Зато твоя чужеродность вызывает интерес у мальчишек. На все непонятные ситуации заготовлено особое выражение лица. Безразличие. Рисунок роли – не сложнее есенинского стихотворения. Ты их учишь десятками. Упиваешься созвучием чувств с великим рязанцем.

Не жалею, не зову, не плачу.

Какое восхитительное состояние – овладеть, наконец, своим лицом и телом! Какая мощная броня! Все происходящее можно объяснить предлагаемыми обстоятельствами. Роли становятся заглавными, эпизодическими, но всего лишь – ролями, а не проклятой судьбой. Если понарошку, то жить можно. Ад, где твоя победа?

Вот вернулся с работы отец. Прячем книжку «Богач, бедняк» и хаотично раскладываем рекомендованную литературу: Соболев, Шолохов, Игнатьев… Папа считает, что правильным чтением можно выбить из себя Мариванну.

Он замечает «Пятьдесят лет в строю» и поднимает бровь:

– Ты же в прошлом году читала.

В голосе слышится подозрение. Играй убедительно!

– Так перечитываю, пап!

Он прижимает тебя к плечу и цитирует Шолохова.
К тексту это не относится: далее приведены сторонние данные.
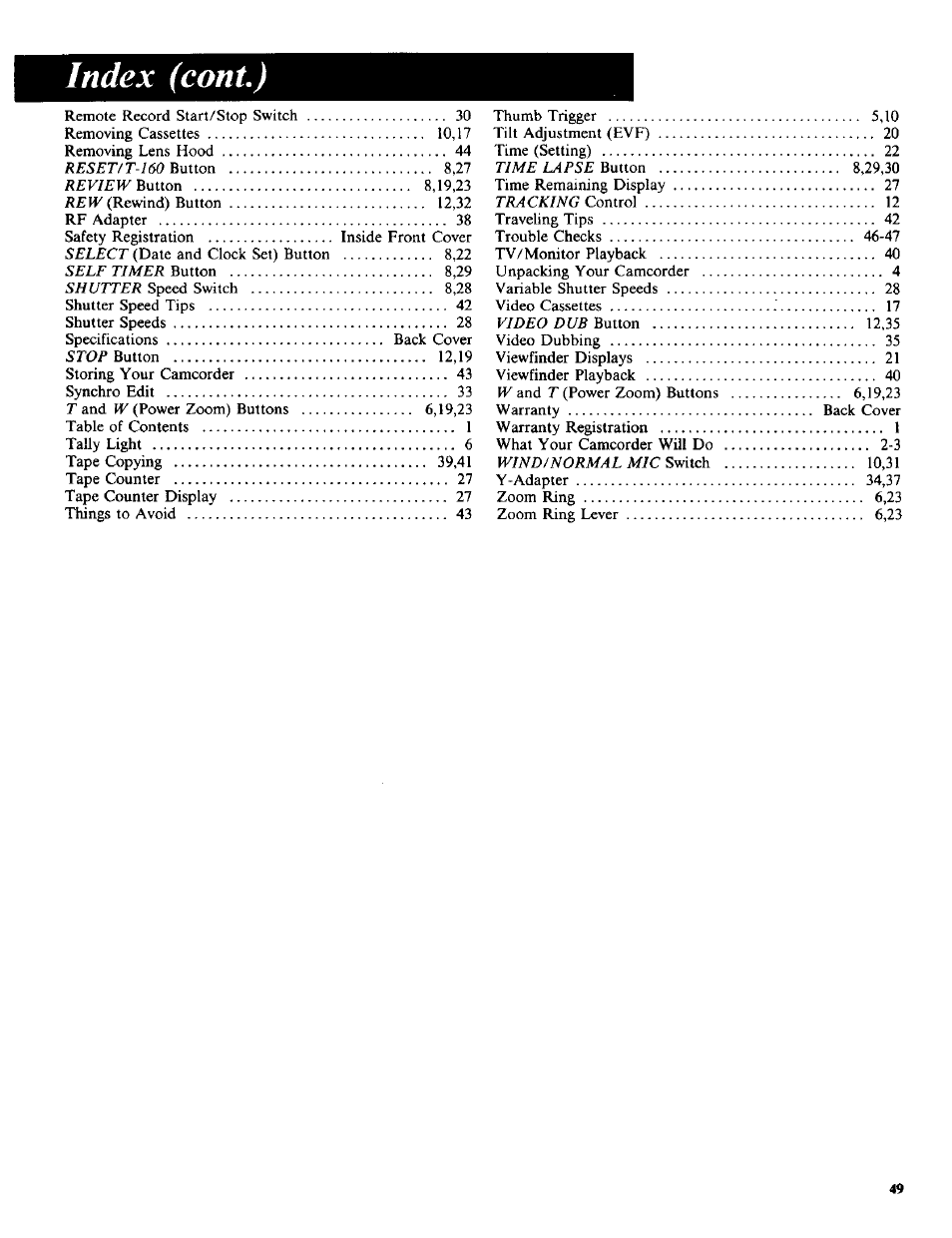 Index (coni.) | RCA CC-285 User Manual | Page 49 / 50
Вы с ним – две песчинки, два осиротевших человека. И что-то про того, кто обязательно выдюжит около отцовского плеча, все преодолеет, если позовет его Родина.

Ты пуста и бестрепетна. Даже не поинтересовалась, почему он назвал тебя сиротой. Мать ведь жива. Внешне все выглядит как раз наоборот: трепет дочерней любви выворочен до отказа. Папа видит в тебе то, что хотел.
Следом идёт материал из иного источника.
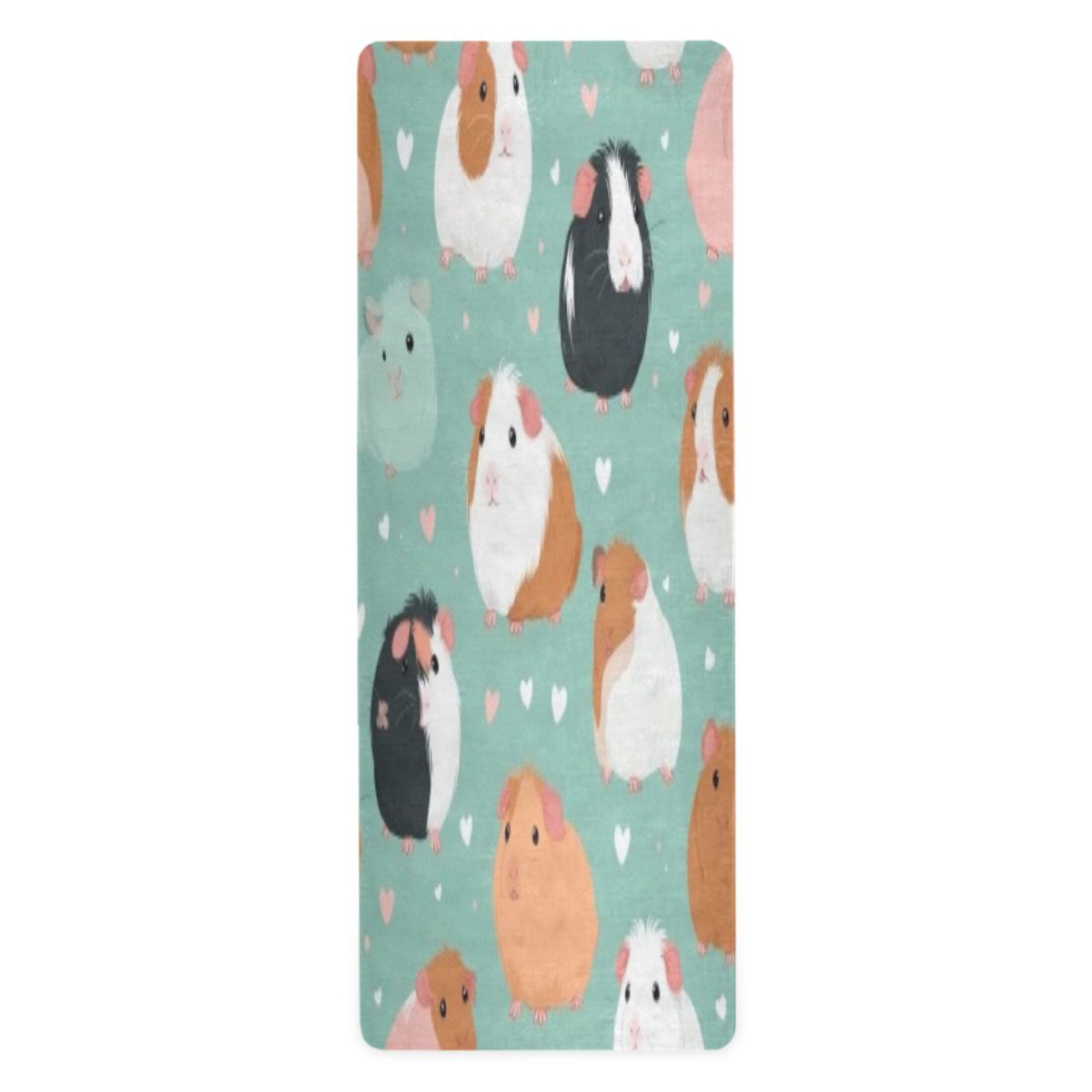 BZSMCE Yoga Mat Women Fitness Mat Pink Heart Guinea Pattern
Надо пробовать театральный. Пускай ты уродина, в театре на красоте далеко не уедешь. Там характерность и талант нужны! А вдруг нет таланта?! Все отдашь за то, чтобы прекратить дешевые пьески в обмен на любовь. А вдруг тебя полюбят миллионы?!

И тут – словно кто-то услышал. Престарелая Нимфа объявила про драмкружок.
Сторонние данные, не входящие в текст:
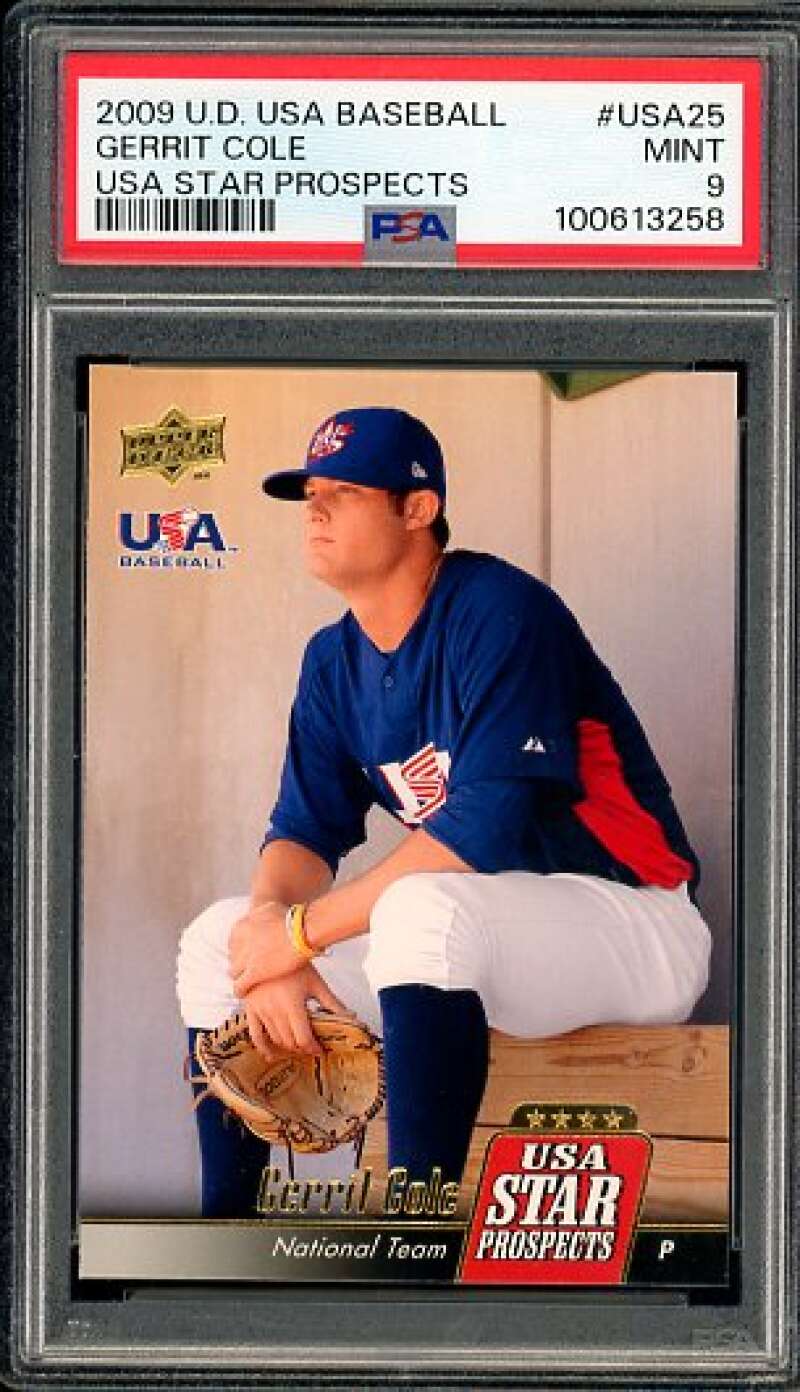 Gerrit Cole Rookie Card 2009 Upper Deck USA Baseball #USA25 PSA 9 Image 1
В миру ее зовут Ниной Дмитриевной. Русский-литература. Ни фига, конечно, не разбирается в мотивах, идеях и сквозных сюжетах. Всех ее достижений – заученная наизусть поэма «Двенадцать». И то – чудо, что помнит! В ее-то годы…

Старухе лет пятьдесят, а то и все пятьдесят пять, но она видит себя восемнадцатилетней шалуньей. Обряжается в платье с рюшами поросячьего цвета и носит распущенные волосы. Безжизненные патлы неряшливо лежат на плечах. Видимо, это называется «ниспадают волной дивные кудри». Морщинистый рот густо намазан фиолетовой помадой с перламутром – небось, купила за трешку на Рижском рынке у тех же цыганок, что и ты. Словом, бабка обезумела: одной ногой в могиле, а все играет в упругую молодость.

Нимфа говорит, будем ставить Лермонтова, и ты тотчас начинаешь репетировать княжну Мери. Запираешься в ванной и репетируешь перед зеркалом томные взгляды из-под ресниц. В те времена разглядывать кавалера считалось моветоном; логика действий персонажа – это ж понимать надо! Сама, например, тоже ни за что не станешь пялиться на Серегу Мразина.

Кроме фамилии, все в нем – совершенство.

Чтобы добиться впалых щек, ты просидишь две недели на огурцах и редиске и достигнешь исторического минимума – шестьдесят восемь килограммов. Трюк, который не сможешь повторить никогда.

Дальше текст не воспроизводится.